3PAR’s head of marketing put up a slide that showed 3PAR had penetrated seven of the ten leading CSP’s. Here’s a copy of that slide from the now-famous meeting that day in Monterey:
The team agreed – focusing on cloud service providers and being the best possible supplier to these firms would confer advantage to 3PAR. If they could win in that market space, they could reach new small and mid-sized markets (where they didn’t have a channel) and eventually win in enterprise markets as internal IT shops increasingly emulated CSPs.
Grow Fast or Get Acquired
Scott got the team focused on this mission and reminded them that these were the roots of 3PAR. Scott reminded them that they’d beaten adversity before and raised $100M to launch 3PAR during the dot com blowup. Since inception they’d been focused like a laser on the utility model. He pulled out two documents, an early 3PAR business plan and the Red Herring prospectus prior to 3PAR’s IPO. Scott reminded the team that the company’s strategy had always been to provide so-called utility storage. At the time of the company’s launch, storage service providers (SSPs) were the hot market space but that market tanked, forcing 3PAR to sell to other industry segments (e.g. financial services). The market was now moving back in 3PAR’s direction under a new name — cloud services — and 3PAR was perfectly positioned to capitalize.

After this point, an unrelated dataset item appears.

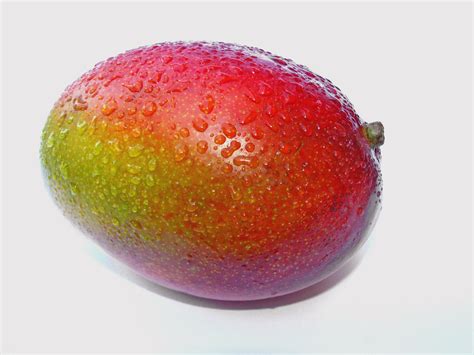 Fresh Indian Mango - Fresh Indian Mango Exporter, Manufacturer ...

3PAR’s growth strategy, Scott said, was to parlay its lead in simplicity and efficiency and go hard after cloud infrastructure players. This was the fastest growing segment of 3PAR’s business, and the company was clearly gaining traction in the space. If it stuck to its knitting, it would eventually catch lightning in a bottle.
Scott turned to the CFO and asked him to put forth some growth scenarios. When, asked Scott, can we hit $1B in revenue? We are growing fast but can we grow faster? The CFO put up this chart showing 3PAR’s revenues from 2009 (actual) and its projections for 2010 and beyond. He showed four average annual growth scenarios over time of 25% (the Wall Street consensus at the time); 30%, 40% and 75%.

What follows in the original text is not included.